Exactly one year has gone by since Lynn died, and still no signs. One time after I made my bed, I stood there and waited for an indentation to appear on the covers. I asked out loud, “If you’re here, can you please just sit on the bed so I can see the indentation?” I hear about bed indentations all the time on those ghost-hunter programs and haunted hotel shows, and those people don’t even want to see them. So why not me? I waited and waited, but nothing.
“Let’s go see a psychic,” Lisa suggested recently. “Like a two-for-one deal.” This is what it’s come to: pooling our money so some huckster can fleece our grief.
“No,” I said, “I’m not doing it. Those people are fakes, but they have good intuition and know what to say to make you believe in ghosts.”
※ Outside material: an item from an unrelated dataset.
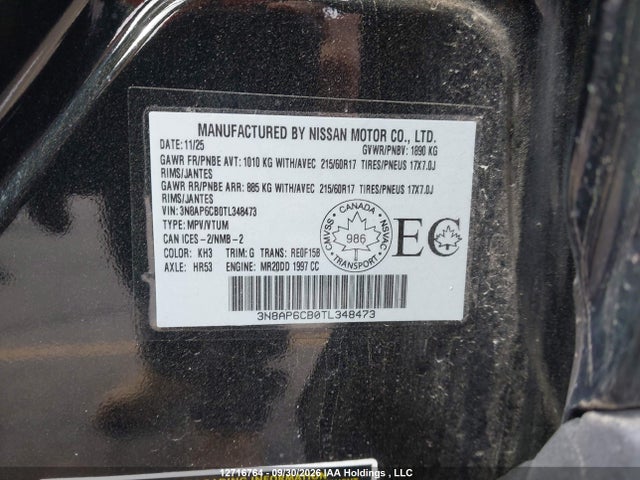 2026 Nissan Kicks Sv Awd Cvt მანქანა იყიდება აუქციონზე, vin: 3N8AP6CB0TL348473, აუქციონის ნომერი: 12716764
My mother, a thrifty woman, would never approve of us spending money to hear her messages from the Great Beyond. If anything, she would refuse to communicate on that principle alone.
I talk to them in the car a lot, whenever I’m by myself. But nobody answers.
I talk to them when I go for walks at Butler Lake because it’s a beautiful place of open fields and flowers and paths and birds, everywhere birds. But nobody answers. I listen and watch for signs—a bird, a flower, a butterfly, anything, anything—and I see those things, but they are not signs. Maybe they are signs of beauty and nature, but they are not signs of my mom or sister reaching out to me.
Yesterday, I walked the shady path that goes from Libertyville High School to Butler Lake, and a black and blue butterfly followed me. It flew in circles around me as I walked, and I stopped and waited. Back of me, front of me, and all around.
“Lynn?” I said.
It fluttered by; the dappled sunlight through the trees glinted off its sky-blue wings. And then it flew on. I watched it fly away, and I understood that I was in a place where nobody knew my heart even a little bit.